Comb through the entries for "Used" and pull out each line that holds it.
===== GIVEN DATA
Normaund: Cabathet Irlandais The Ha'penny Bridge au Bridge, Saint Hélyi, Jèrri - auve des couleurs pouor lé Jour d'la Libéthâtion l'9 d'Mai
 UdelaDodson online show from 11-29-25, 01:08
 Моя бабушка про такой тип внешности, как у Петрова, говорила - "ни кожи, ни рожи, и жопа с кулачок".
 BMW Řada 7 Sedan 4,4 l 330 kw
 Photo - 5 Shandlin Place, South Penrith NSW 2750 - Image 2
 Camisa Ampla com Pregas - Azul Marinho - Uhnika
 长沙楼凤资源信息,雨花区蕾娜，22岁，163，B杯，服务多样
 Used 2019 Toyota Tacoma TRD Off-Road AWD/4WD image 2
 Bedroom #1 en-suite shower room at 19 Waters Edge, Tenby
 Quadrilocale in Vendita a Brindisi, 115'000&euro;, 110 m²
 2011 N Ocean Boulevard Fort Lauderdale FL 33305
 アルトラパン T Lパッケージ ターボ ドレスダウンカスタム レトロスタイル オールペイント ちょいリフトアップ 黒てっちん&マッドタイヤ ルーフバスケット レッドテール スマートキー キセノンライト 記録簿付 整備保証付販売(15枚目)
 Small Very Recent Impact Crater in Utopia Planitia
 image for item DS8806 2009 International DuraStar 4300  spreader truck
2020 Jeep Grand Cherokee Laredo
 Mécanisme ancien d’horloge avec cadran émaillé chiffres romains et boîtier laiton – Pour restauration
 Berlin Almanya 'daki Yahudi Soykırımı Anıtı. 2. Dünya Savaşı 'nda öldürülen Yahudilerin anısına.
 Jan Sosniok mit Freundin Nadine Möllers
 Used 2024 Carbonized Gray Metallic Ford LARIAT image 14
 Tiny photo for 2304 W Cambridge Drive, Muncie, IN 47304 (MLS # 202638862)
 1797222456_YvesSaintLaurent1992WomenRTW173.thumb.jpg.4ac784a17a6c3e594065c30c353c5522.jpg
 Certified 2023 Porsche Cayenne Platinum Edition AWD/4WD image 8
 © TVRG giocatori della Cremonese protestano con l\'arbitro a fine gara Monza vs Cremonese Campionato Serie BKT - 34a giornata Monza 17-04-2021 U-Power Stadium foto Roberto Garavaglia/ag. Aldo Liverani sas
==========
# SOLUTION:
 Used 2019 Toyota Tacoma TRD Off-Road AWD/4WD image 2
 Used 2024 Carbonized Gray Metallic Ford LARIAT image 14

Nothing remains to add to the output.